En la vida de mi abuelo durante aquellos años volvió a cruzarse otra norma franquista. Ante el hacinamiento de las cárceles, donde cientos de miles de españoles purgaban sus pecados, el franquismo se vio obligado a iniciar medidas que pusieran en la calle a muchas personas. Así el 25 de enero de 1.940 Franco firma una Orden de revisión de penas. Se constituirán las Comisiones de examen de penas, que tenían como objetivo, partiendo de la consideración de que las circunstancias derivadas de la guerra habían tenido como consecuencia que los delitos de rebelión fueran sancionados con penas muy diferentes según los tribunales o el lugar geográfico, revisar las condenas impuestas para ajustarlas a las normas que ahora se establecen.

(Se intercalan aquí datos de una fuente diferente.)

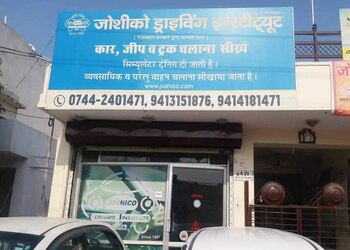 Joshico-driving-institute-Driving-schools-Talwandi-kota-Rajasthan-1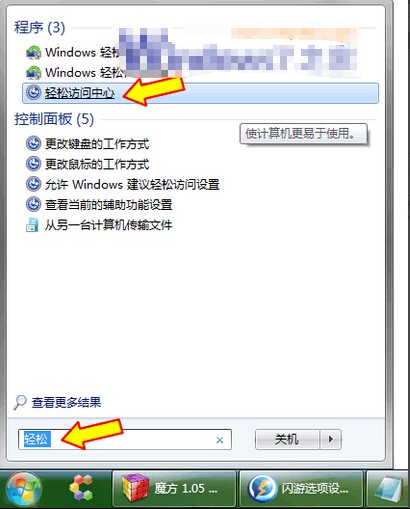 怎么关闭电脑窗口的动画效果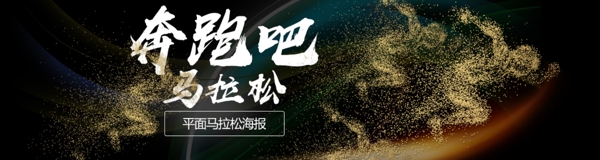 奔跑吧马拉松健身运动banner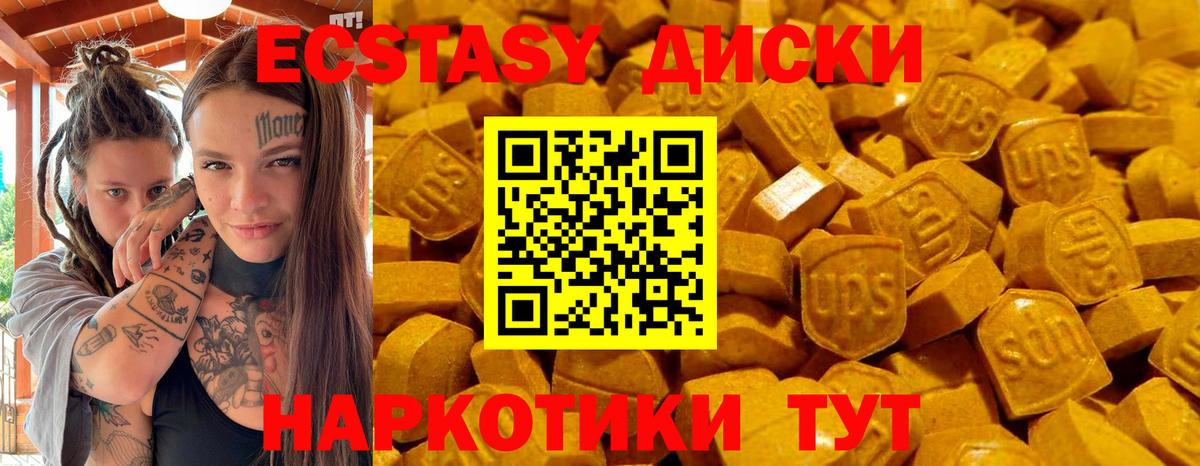 Выборг  Ecstasy mix  Экстази  нарко площадка клад  ЭКСТАЗИ TESLA  Вход с VPN 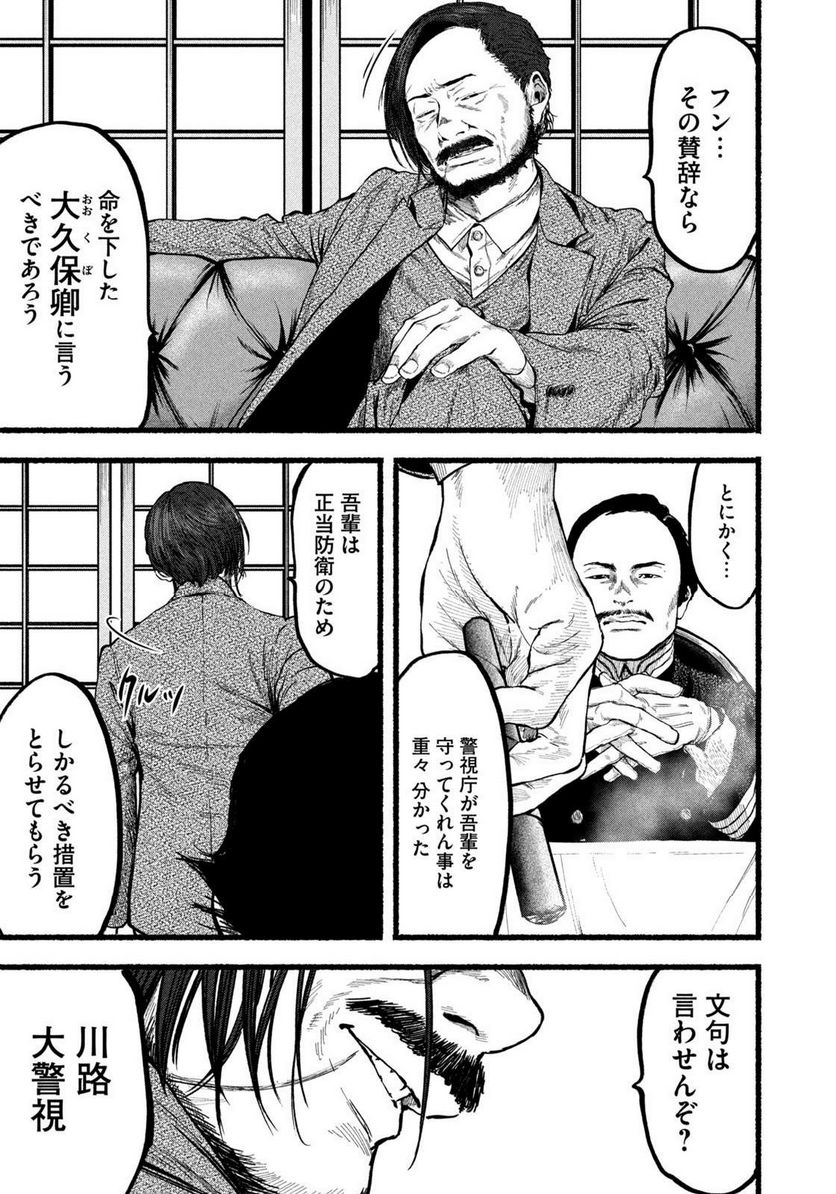 警視庁草紙－風太郎明治劇場－ 第6.2話 - Page 7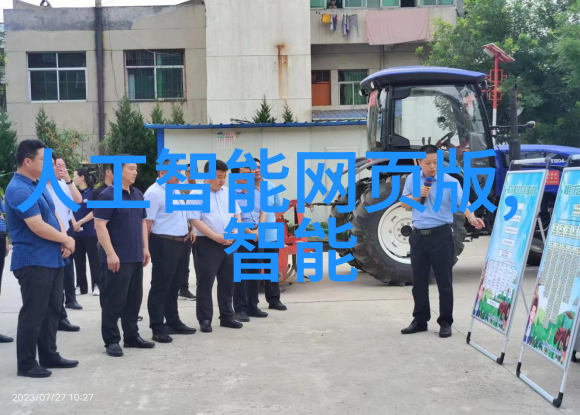 脱水机清洁生活的智慧选择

Aunque el trabajo de estas comisiones se considera como un servicio urgente al que hay que dar preferencia y se arbitran diferentes medios para conseguirlo, sin embargo, también será un mecanismo lento que apenas significará algo más que un goteo de libertades, habitualmente con destierro y sometidos los libertos a un constante control policial o judicial.
Hoy sé que José Castro, pese a sus intentos de pasar desapercibido, fue detenido el 21 de Septiembre de 1.939 en Jayena, un pueblo del sur de la provincia de Granada de donde provenía su familia, y enviado a la prisión de Alhama (posteriormente estaría en la prisión de Granada y en un campo de concentración en Guadix). También sé que fue condenado a 12 años de prisión, una sentencia que posteriormente sería revisada y reducida a tres. Su delito: ser socialista y sargento de intendencia del ejército republicano. Pero su actividad no acaba aquí…
Su ficha clasificatoria aporta más datos sobre su vida durante la guerra. El consejo de guerra al que sometieron a mi abuela María pocos años más tarde (del que ya he hablado en este blog) también aporta información sobre la vida de José en los primeros años después de la derrota. Aún tengo claroscuros que creo que ya no podré despejar, porque he agotado todas las pistas, pero también tengo la seguridad de que mi abuelo y mi abuela, tuvieron una vida que merece la pena ser contada en una novela, la que ya muy pronto empezaré a escribir.
Nota.- En el reverso de esa foto aparece un sello, acompañando la firma de mi abuelo, que me hace pensar que se la envió a mi abuela cuando ella estaba en la cárcel. En ese caso fue probablemente lo último que recibió de él.